__Required work__.
The following data needs to be repeated exactly, with all images excluded.

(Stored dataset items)
┏━━

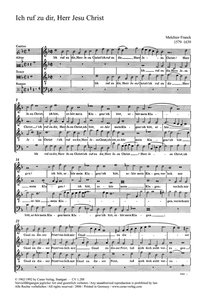 [170851] Ich ruf zu dir, Herr Jesu Christ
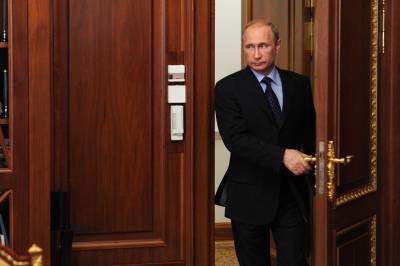 Пескова второй раз за день спросили о состоянии Путина после вакцинации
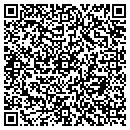 QR code with Fred's Store contacts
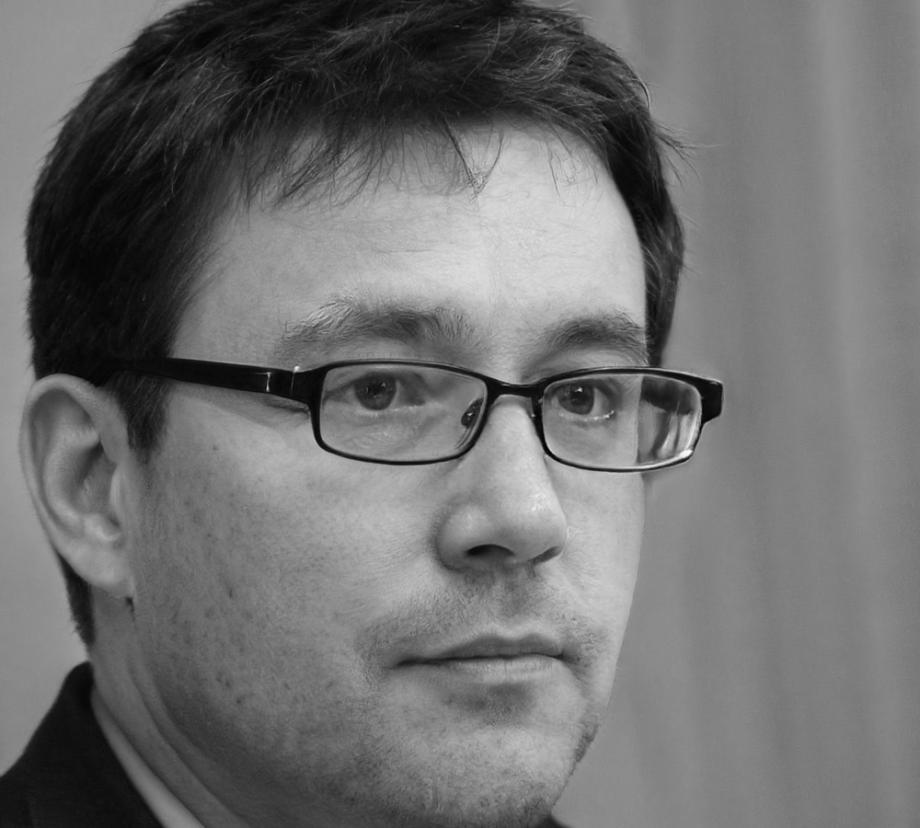 Miguel Rodríguez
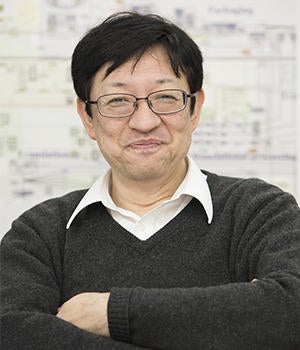 北野 宏明
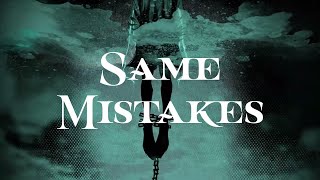 Seether - Same Mistakes (Official Visualizer)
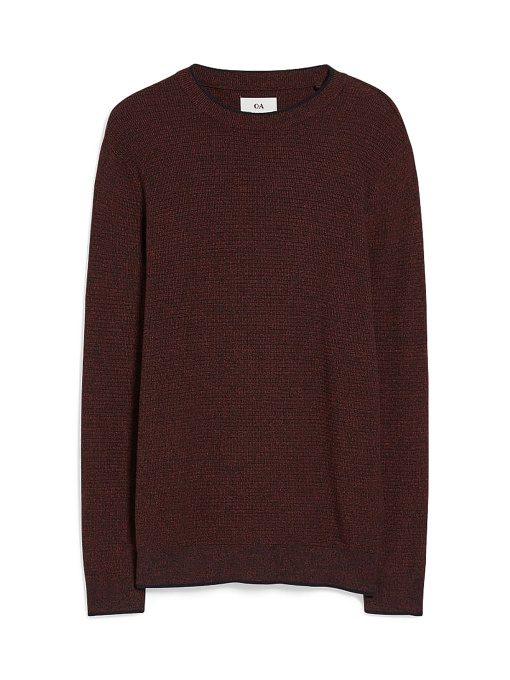 Джемпер C&A модель 71562 Фото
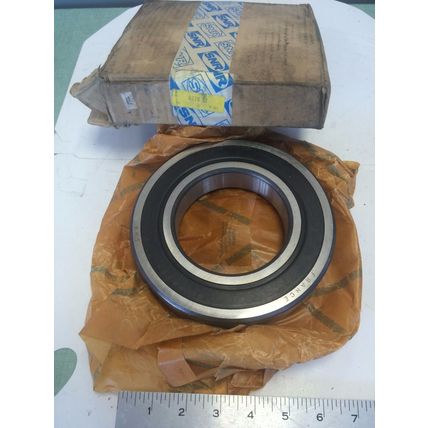 new SNR 6220, SNR 6220EE BALL BEARING, 100mm X 180mm X 34mm,BT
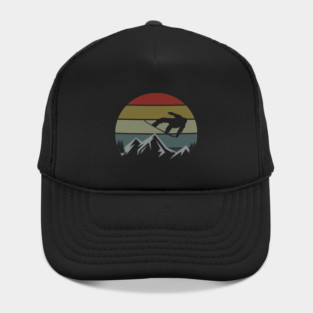 snowboarding Hat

┗━━

__Result for this task__.
 [170851] Ich ruf zu dir, Herr Jesu Christ
 Пескова второй раз за день спросили о состоянии Путина после вакцинации
 QR code with Fred's Store contacts
 Miguel Rodríguez
 北野 宏明
 Seether - Same Mistakes (Official Visualizer)
 Джемпер C&A модель 71562 Фото
 new SNR 6220, SNR 6220EE BALL BEARING, 100mm X 180mm X 34mm,BT
 snowboarding Hat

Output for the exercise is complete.